Linux'ta başka bir kullanıcının komut geçmişini nasıl görebilirim?


30

Başka bir kullanıcının komut geçmişini nasıl görebilirim?

Ben makinemde yöneticiyim. Normal bir tarihi görüntüleyerek /home/user_name/.bash_historygörebiliyorum, fakat bunu user_nameyaparken onların komutlarını göremiyorum sudo.

Tek bir kullanıcı tarafından yürütülen tüm komutu görmenin bir yolu var mı?


1
Onun şifresini çalmak :) veya sosyal mühendislik .. Kök değilseniz ve hesabınız gidemeyecek / başka bir kullanıcının ev / dosyalarını okuyamayacak şekilde ayarlanmışsa, hemen hemen kısıtlanmış olursunuz.
yüzük taşıyıcısı,

8
"Ben makinemde yöneticiyim."

Yanıtlar:


23

Debian tabanlı işletim sistemlerinde, yapmak tail /var/log/auth.log | grep username size bir kullanıcının sudogeçmişini vermelidir . Bir kullanıcının normal + sudo komutlarının birleşik bir komut geçmişini almanın bir yolu olduğuna inanmıyorum.

RHEL tabanlı işletim sistemlerinde /var/log/securebunun yerine kontrol etmeniz gerekir /var/log/auth.log.

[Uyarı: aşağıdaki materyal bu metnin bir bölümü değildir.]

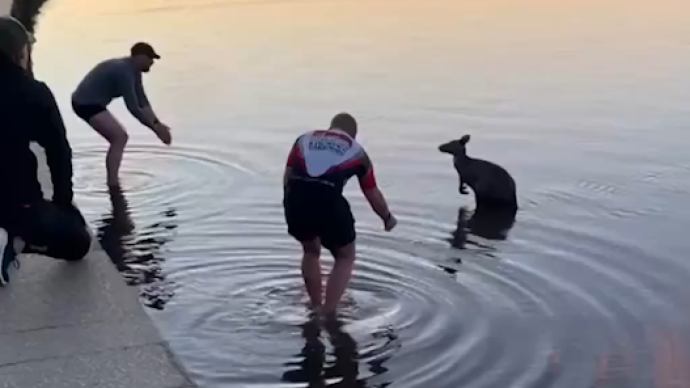 救出湖中“瑟瑟发抖”的袋鼠，澳大利亚男子被称英雄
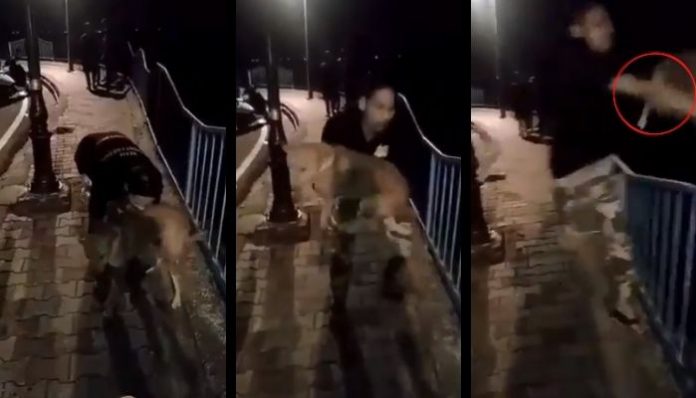 Madhya Pradesh: Police arrest one Salman Khan for throwing stray dog off a bridge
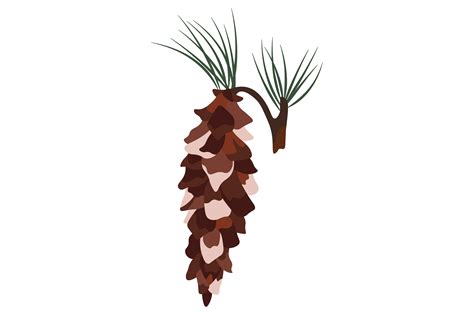 Maine State Flower - Pinus Strobus SVG Cut file by Creative Fabrica ...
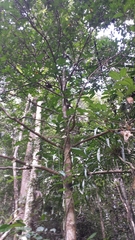 Clusiaceae
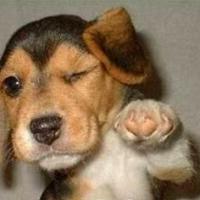 114位のイメージ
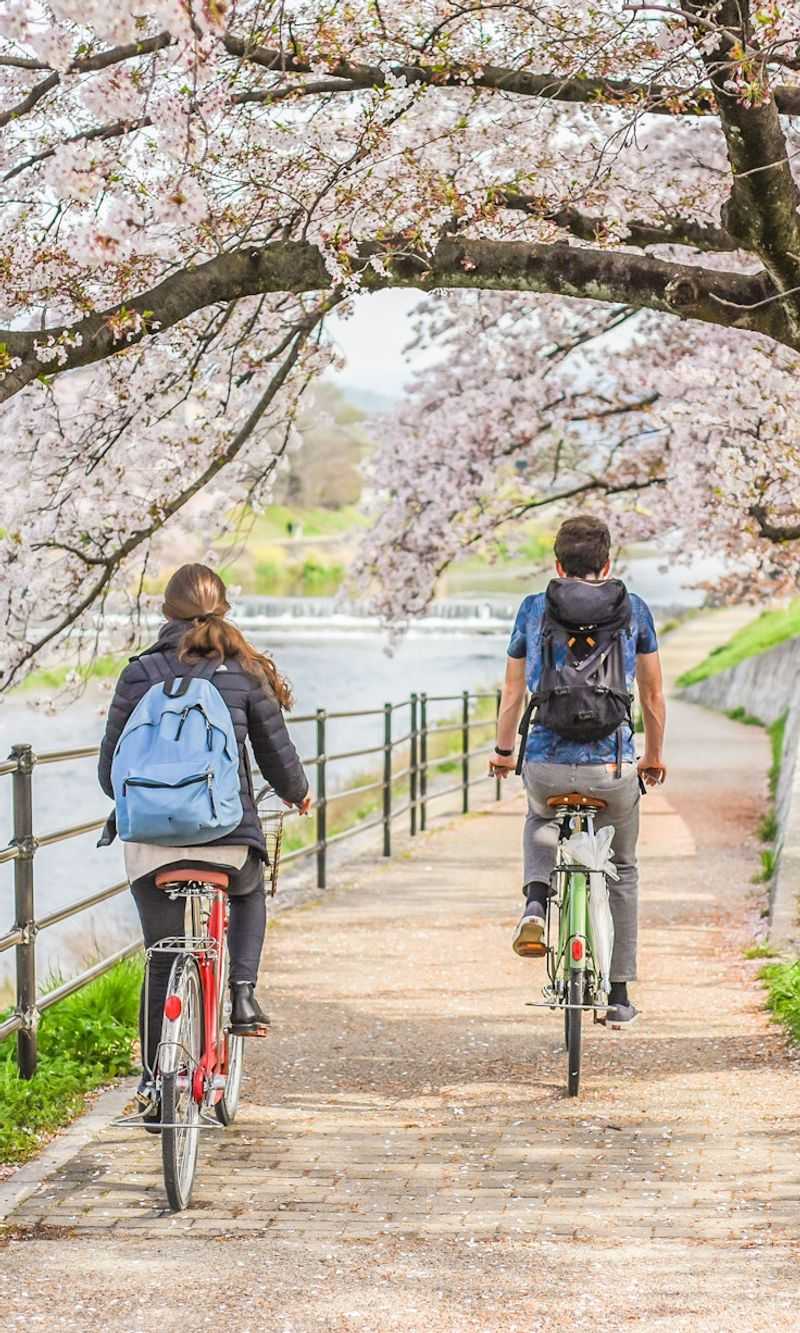 Cherry Blossoms in Kyoto, Japan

Bunun bir centos sisteminde ne olabileceğine dair bir ipucu var mı? Benim Centos 7 makineler yok/var/log/auth.log
Mitch

3
/var/log/secureBunun yerine deneyin .
Kerin

Mükemmel çalışıyor! Cevabınızla ilgili bir düzenleme isteği koymanız yeterli
Mitch

4

Sadece aşağıdaki test edildi ve bir cazibe gibi çalıştı.

sudo vim /home/USER_YOU_WANT_TO_VIEW/.bash_history

1
Bu emri çoktan biliyor. Asıl sorudan: "/home/user_name/.bash_history dosyasını görüntüleyerek normal tarih görebiliyorum, ancak sudo yaparken" user_name "komutlarını göremiyorum."
Michael Thompson

2

Kullanıcı olduğu gibi bir komut verirse, komut sudo somecommandsistem günlüğünde görünecektir.

Kullanıcı ile bir kabuk oluşmasına neden olursa, örneğin sudo -s, sudo su, sudo sh, vs, sonra da komut verebilir , içinde olan root kullanıcısının, tarihinin görünür /root/.bash_historyveya benzer.


1
Sistem günlüğü nerede?
Garrett

1

# zless /var/log/auth*Burada senin arkadaşın. Hatta gzip dosyalarını da açar. :nİleri ya da :pgeri olanlar arasında atlayabilirsiniz .

Alternatif olarak, # journalctl -f -l SYSLOG_FACILITY=10örneğin kullanabilirsiniz . Bu konuda Arch Linux wiki'de daha fazlasını okuyun.



0

Belki bu bağlantının senin için bir değeri vardır: http://www.sudo.ws/pipermail/sudo-users/2000-March/000052.html

Ancak bash_history'de hiçbir iz bırakmamak, sadece etcpp alanını içeren bir emir başlatmakla ilgilidir. Tarihçe bir yardımcı, bir kayıt aracı değil.

Almanya'dan selamlar, Daniel Leschkowski


-1

Mantık, diğer birçok amaç için geçerlidir.
Ve / home / filesystem'dan her kullanıcının .sh_history dosyasını nasıl okuyabilirim? Ya onlardan binlerce varsa?

#!/bin/ksh
last |head -10|awk '{print $1}'|
 while IFS= read -r line
 do
su - "$line" -c 'tail .sh_history'
 done

İşte senaryo.

Sitemizi kullandığınızda şunları okuyup anladığınızı kabul etmiş olursunuz: Çerez Politikası ve Gizlilik Politikası.
Licensed under cc by-sa 3.0 with attribution required.